DENVER – A big change in the scope of oil shale leases on public lands is drawing praise from people in Colorado and across the West. The Bureau of Land Management (BLM) last week released its final management plan for the potential energy source.
Bill Midcap, renewable energy director with the Rocky Mountain Farmers Union, likes the new plan. He says it will help preserve one of Colorado’s most precious resources: water.
“We all know that water has all the potential of running out of Colorado. We think it’s prudent that they ensure to the agricultural community how much water is going to be taken, before they move forward.”
The new policy says that public lands can only be leased if oil shale companies can show the economic and environmental viability of the technology used for research or development. The previous policy made nearly 2 million acres available without those restrictions; now, just under 700,000 acres of public land could be used. Twenty-six thousand of those acres are in Colorado. Supporters of increased oil shale research – including the oil and gas industries – worry that the amount of public lease land available is too small to offset economic costs and risks in development.
Ken Neubecker, director of the Western Rivers Institute, says the viability restriction is important, because energy companies often have water rights that trump those of agriculture or Colorado cities. Also, he warns, the current technology used to develop oil shale abroad is not practical in the arid Mountain West.
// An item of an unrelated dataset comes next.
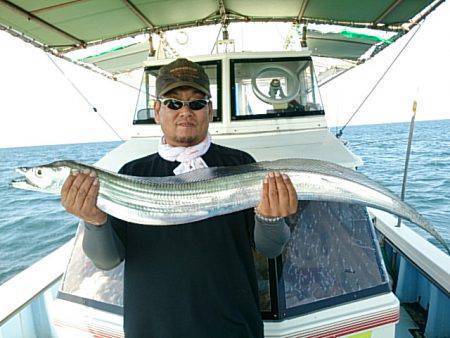 第二常豊丸 釣果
“That is actually a pretty water-intensive operation, using two-and-a-half to four barrels of water for each barrel of oil. It’s a lot easier to do in Estonia and Latvia, but it’s not that easy to do here. Those are wet countries, and this is very dry country.”
Midcap says the new plan leaves him optimistic that the government will listen to the concerns of Coloradans and those across the West about the region’s natural resources.
“Farmers and ranchers have a strong enough voice that I don’t think we’ll be pushed out. I think our voice is strong. ”
Regional leaders – even those as far away as Arizona – encouraged the BLM to adopt a plan that would protect the waters from the Colorado and other rivers.